Classification Of Encrypted Network Traffic
Abstract
Now-a-days internet is everywhere and
responsible for generating different types of network
traffic such as Email traffic, video streaming, browsing
and many more. Analysing or predicting different types
of traffic can help in knowing which type of traffic is in
more usage and which is in less usage. There are many
deep and machine learning algorithms are available to
classify different network types but they lack support of
Network in Network model and Global Average Pooling
(helps in generating one feature map for each
corresponding category of the classification task and
this features mapping help in reducing model
parameters and better classification accuracy). Deep
Network in Network model will use parallel different
layers to train Network Packet Header and Packet body
whereas existing algorithms were using same layers to
train both header and body.
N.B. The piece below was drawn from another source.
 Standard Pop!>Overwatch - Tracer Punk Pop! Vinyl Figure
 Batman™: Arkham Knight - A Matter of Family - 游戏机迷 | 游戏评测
This paper presents a
neural network model with deep and parallel networkin-
network (NIN) structures for classifying encrypted
network traffic. Comparing with standard
convolutional neural networks (CNN), NIN adopts a
micro network after each convolution layer to enhance
local modelling. Besides, NIN utilizes a global average
pooling instead of traditional fully connected layers
before final classification, which reduces the number of
model parameters significantly. In this proposed
method, deep NIN models with multiple MLP
convolutional layers are built to map fixed-length
packet vectors towards application or traffic labels.